Третий интересный вариант, предложенный рядом переводчиков, это белый стих с редким использованием слабых ассонансных рифм. В этом случае ритмический рисунок воспринимается как нечто вспомогательное, фоновое, на первое место выходит яркий образный ряд, и тем не менее сохраняется песенность, напевность, текучесть ритма, он не вступает в противоречие со смысловой частью, не вызывает жёстких ассоциаций с испанскими стихотворными традициями. Хорошо получились, на мой взгляд, в таком исполнении переводы стихов Акуштап Бактыгиреевой, посвящённых реке Яик, некоторые переводы поэзии Абая. Интересно, что Хоакин Торкемада Санчес (один из самых известных на сегодняшний день переводчиков поэзии с русского языка) использовал это решение вообще для всех своих работ, выбрав для этого изосиллабический белый стих и надо сказать, тоже достаточно успешно: у казахской поэзии в его исполнении появился интересный и очень узнаваемый стиль.
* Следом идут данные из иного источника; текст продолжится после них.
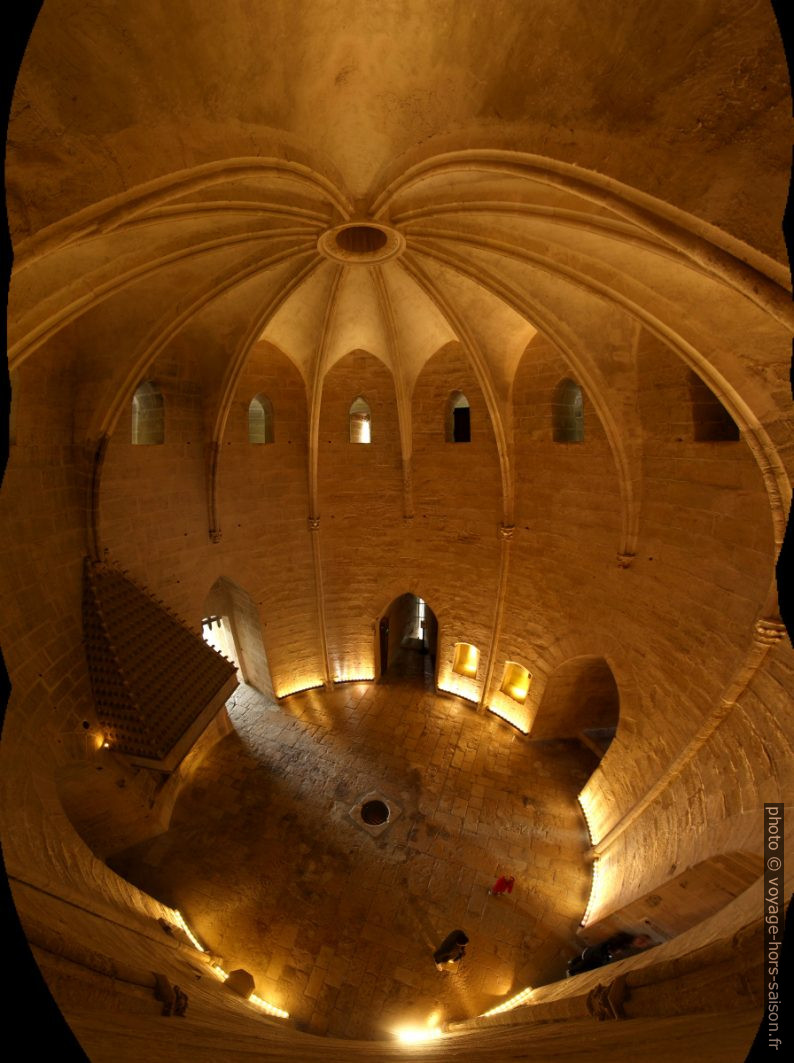 Chambre circulaire dans la Tour de Constance. Photo © André M. Winter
На самом деле, перевод казахской поэзии на испанский это задача, которая находится ещё в самом начале своего решения. И дело даже не в том, что огромный объём стихов пока не переведён. В первую очередь для успешного перевода, для восприятия стихов, взятых из другой языковой культуры, как единого целого, этой культуре принадлежащего, должна сформироваться «технология» перевода, некий общий стиль и логика переводческих решений. Так, например, для английской поэзии ещё в XIX веке такие известные испанские переводчики и критики, как Хуан Валера или Альберто Листа, пытались установить метрические и стилистические соответствия между испанским и английским стихосложением, допустимые и недопустимые трансформации, «рецепты» для передачи трансрационального компонента поэзии. В дальнейшем переводчики XX и XXI века в чём-то следовали этим советам, в чём-то развивали их, а где-то и нарушали, но в целом появилось некоторое единство стилистики текста, позволяющее литературно грамотному испанцу сказать: «да, это явно что-то из английской поэзии» или даже: «я не знаю этих стихотворений, но это, несомненно, Байрон, а это Киплинг».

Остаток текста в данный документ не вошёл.